Chapter 16

Long, tapered white wax candles danced with yellow flames, casting their light along the silk walls.

Fennyman stood in the center of the room, one that he could only have imagined standing in a mere two decades ago.

Oh, what a life he did lead now.

The little boy he had once been would be amazed and disbelieving. In fact, that little boy, no doubt, would have been quite sure that all of this was a dream and completely unattainable for someone like him.

Though he had been born into rooms like these. If he tried very, very hard, he could still remember the stucco ceiling, and the gold gilding, and the painted murals on his bedroom walls as a child.

But once he had lost it, he had been certain he’d never have it again.

That was the sort of thing that happened when one’s entire reality was ripped away from one. When one lived a charmed life of love and wealth and privilege, and then suddenly had it all taken away, to be replaced by death and fear and grime and cruelty at every possible moment.

Fennyman knew how to manipulate the wealthiest, most powerful people in England because he had been raised by them and then seen their utter cruelty. He knew how they could cast out a child like he was dirty bathwater.

And he had been cast out, just as bathwater was thrown into the gutter.
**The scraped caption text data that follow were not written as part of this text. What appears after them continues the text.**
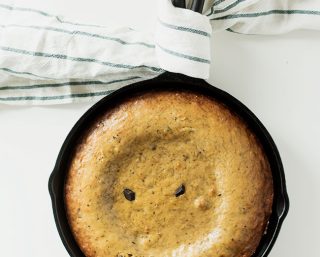 dark chocolate chunk skillet banana bread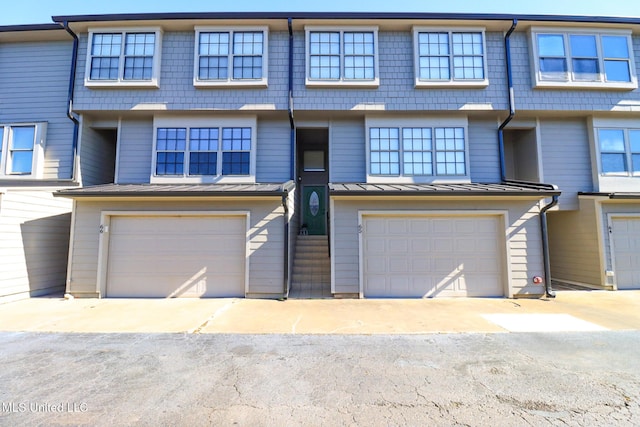 65 Breakers Ln, Ridgeland, MS 39157 - multi unit property with a garage, a standing seam roof, and metal roof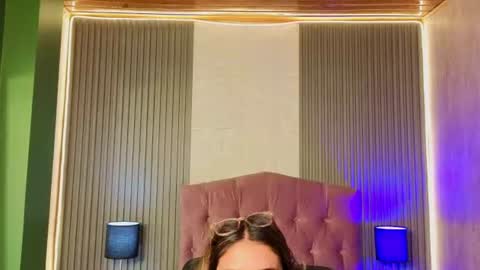 Snapshot of bonnali_lune chatting on June 14, 4:36 am bonnali_lune online show from June 14, 4:36 am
Somehow, he had managed to survive on his own intelligence, his own resources.

A smile tilted his lips.

What an arrogant lie that was.

He had been lucky, because he had been taken in by other people at various times. First, there had been a group of pickpockets, then some kind, failed actresses.

So many people had been thrown out of their own lives and were barely surviving. Often, they were the kindest. But one had to be careful. Because they could be the most monstrous too, having nothing to lose.

Raised with nothing to eat and rats gnawing at his toes, he had figured out how to manipulate, and to steal, and to seize money.

And then he’d discovered how to blackmail, which had made his club possible.

And once he had formed that, he had had no compunction of getting as much wealth and land as he could from the gentlemen who walked through his doors every day.

Guilt never touched him because he had seen how those men would throw everything they had away for a single moment of feeling, anything to make them feel something other than the privilege of their own lives.

He realized that he had actually been gifted by being thrown out, by being made to feel completely and totally alive.

And now, as he stood in the Duke of Rivers’ house in a glorious chamber, he could not stop thinking about Miss Ernestine Foxley.

He had made an error.

Her picture, the earl’s picture, and several others were on the wall of his room.

He, like the duke, now spent most of his time planning on what people should be paired together, because the duke paid him a great deal of money.

And truth be told, there was a part of him that felt powerful, and he loved the idea that he was completely rewriting society through his will and his own machinations.

But Miss Ernestine Foxley? He could not hurt her. No, just as he could not hurt the last young lady, Miss Agatha Allen.

He was the last stand, the bastion in all of this, protecting women from being maneuvered and ruined by men who cared only for their own lives and their own opinions.

Rivers was different. He would give that to the duke. There was something slightly strange about him, which made him separate from the rest of the ton. All the men that they had chosen were different too. That had been imperative, but they were all extremely powerful, all extremely arrogant.

One couldn’t be born and raised into the ton without that.

Ernestine Foxley was none of those things.

Ernestine Foxley was like him, a survivor and broken, and that was where he had made his error. He had assumed, as the Duke of Rivers had, as Philip had, and even Harlowe, that once Seaborough started paying attention to her and fawning over her, she would not be able to resist.

After all, he was a rake amongst rakes. Ladies loved him. But they had forgotten one single thing. She had been cut off from love as a child, and he knew the danger of that.

And she was never ever going to be able to choose Seaborough or love him, as he and the duke and Philip had thought, if she stayed the person she was.

No, she was going to have to become someone entirely new, and he knew what he was going to have to do to make that happen.

It wasn’t at all what any of them had thought. And even with his help, he feared she would not be able to do it. Life made people what they were and, sadly, love was never enough to fix them. But at least, for her, he would try.